Monday, June 03, 2013

The way things are going, Doyle may as well ban cars altogether. - Bruce Guthrie Sunday Age


Illustration: Matt Davidson. Illustration: Matt Davidson. 
Source The  Sunday Age - June 2 2013


Honestly, why doesn't Robert Doyle erect barricades, put up signs and establish checkpoints around the city to reinforce the obvious? If you're not on two legs, two wheels or public transport, Melbourne doesn't want you any more. Our city no longer likes motorists or their cars and it would be better for everyone if the lord mayor just came out and said it.

He came close last year, when he wrote in the foreword to the Transport Plan for Melbourne: ''We are a walking and cycling city, and council provides infrastructure to improve the safety and convenience of cyclists and pedestrians.''

I'll try to remember that when next I'm forced to drive into town because the weather's foul or the train or tram systems fail me. Which is pretty often.
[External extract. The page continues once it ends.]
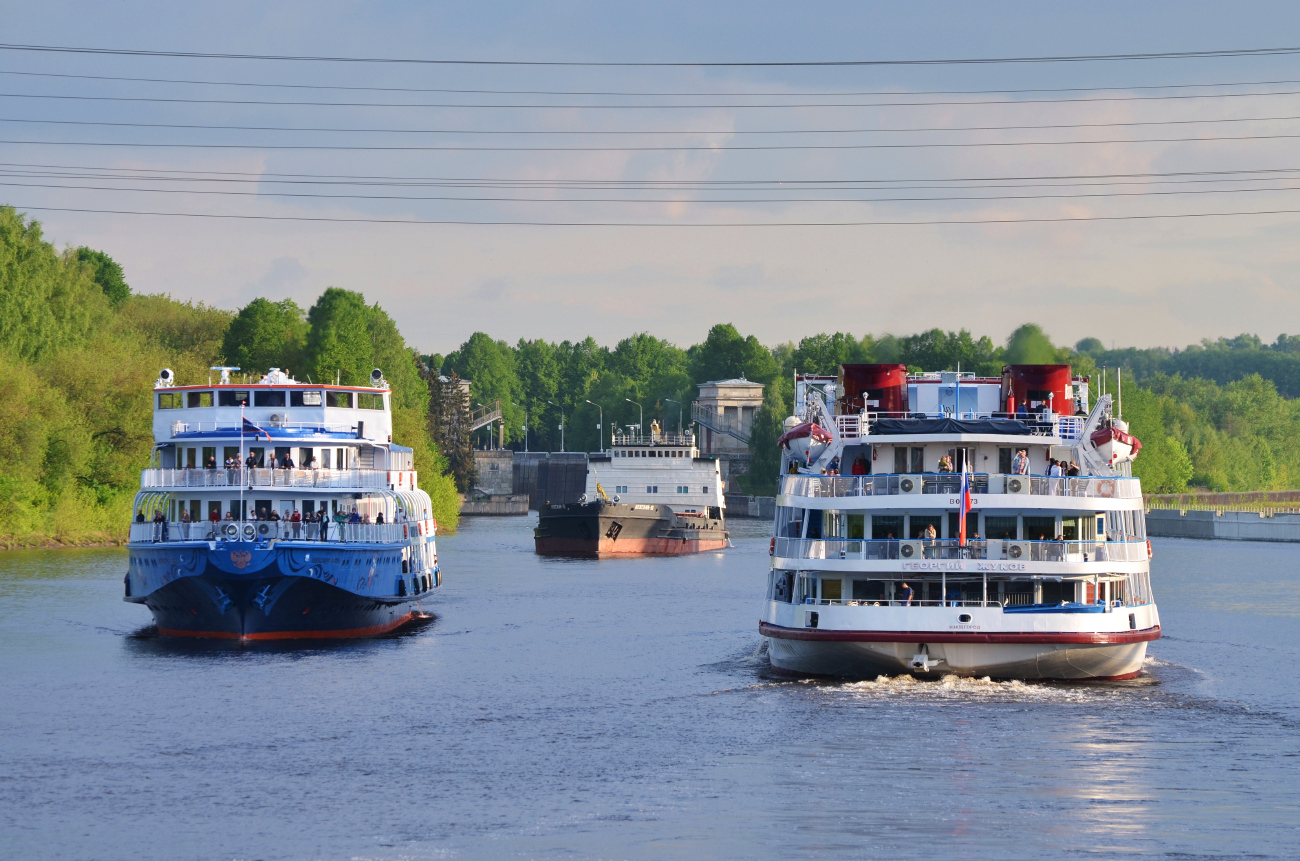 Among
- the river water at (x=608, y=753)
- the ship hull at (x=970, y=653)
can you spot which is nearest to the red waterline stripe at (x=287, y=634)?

The latest salvo against drivers came last week when the council announced it would reduce northbound traffic lanes from two to one on the western side of Princes Bridge to make way for ''a wide green bicycle lane''. 
 
It's supposed to be a three-month trial, with roadworks beginning in June, but I'll bet the lord mayoral Lycra that we will never get that second lane back. (Yes, he wears it on his bike rides; sorry for that image.)
 
The council says the switch should improve safety by ''moving cyclists from the footpath, which is often crowded, onto their own larger, dedicated lane on the road''.
 
In a tortured attempt at minimising anger and frustration among motorists forced to queue even longer on St Kilda Road approaches, Doyle said it would affect only 22 cars. Strictly speaking, that's probably true at any given time. But it will be happening over and over again, a fact the lord mayor did not acknowledge.
 
Neither did the council press release, which said disingenuously: ''There will be no significant impact to travel times and, while queues will be longer, the same number of vehicles will be able to pass through the [Flinders Street] intersection.'' Really? I suspect it will take less time to crawl across the bridge on hands and knees than it will be to drive.
 
I have no argument with separating cyclists and pedestrians, but I'm not sure it should be at the expense of motorists. Besides, a two-wheeled Fast & Furious plays out every night on the footpaths immediately below Princes Bridge's south side, and nothing is done about that.
 
Anyone who has walked along Yarra Promenade by Crown Casino or Southbank Promenade's restaurant strip during the evening peak knows they are at risk from commuting cyclists. The speed limit for bicycles there is supposed to be 10km/h, but few take notice of it. A drugged-up Lance Armstrong would have trouble keeping up with some of them.
 
Indeed, when I was editing the Herald Sun five years ago, we hired a speed-gun expert to monitor bicycle traffic on the promenades and found that many cyclists were travelling at twice the speed limit and, in some cases, more. A recent walk there indicated nothing's changed.
 
The council has done little or nothing to deal with that - maybe it's because while they are happy to put limits on drivers, they are disinclined to upset the cycling lobby.
 
The RACV was quick to condemn the council's Princes Bridge plan, calling it ''yet another solution on the cheap'' that would do little to improve congestion or safety. Their roads and traffic manager, Dave Jones, said it proved the council had learnt nothing from the problems it created through ill-considered changes to La Trobe Street traffic flows. He might have also cited changes to Albert Street on the eastern fringe of the city, where similar ''Copenhagen-style'' bicycle lanes - wedged between parked cars and the footpath - continue to delay and confound motorists and their passengers, who have to dodge cyclists when they alight from vehicles.
 
The pain for motorists does not end there: on-street parking fees are about to jump almost 40 per cent to $5.50 an hour, while rates in council car parks can be double that. (Our private car parks are already among the most expensive in the world.) All in the name of a glossy Transport Plan. Forgive my scepticism, but it sounds like nothing more than a grab for cash under the guise of greening the place. The council is not the first enterprise to do that.
 
This undeclared war on motorists can't eliminate cars entirely, though. If that was truly the goal, the council would get rid of on-street parking and turn the space over to pedestrians and cyclists, without penalising moving traffic. But it needs the revenue from parking meters, not to mention fines: it expects to collect $40 million in infringements in the next financial year, aided by those insidious sensors the Doyle administration has been installing in spaces across the city. They mean you can be ticketed even though your meter might show minutes remaining.
 
It's no wonder people are taking their business elsewhere. 
 
Bruce Guthrie is a former editor of The Age and The Sunday Age.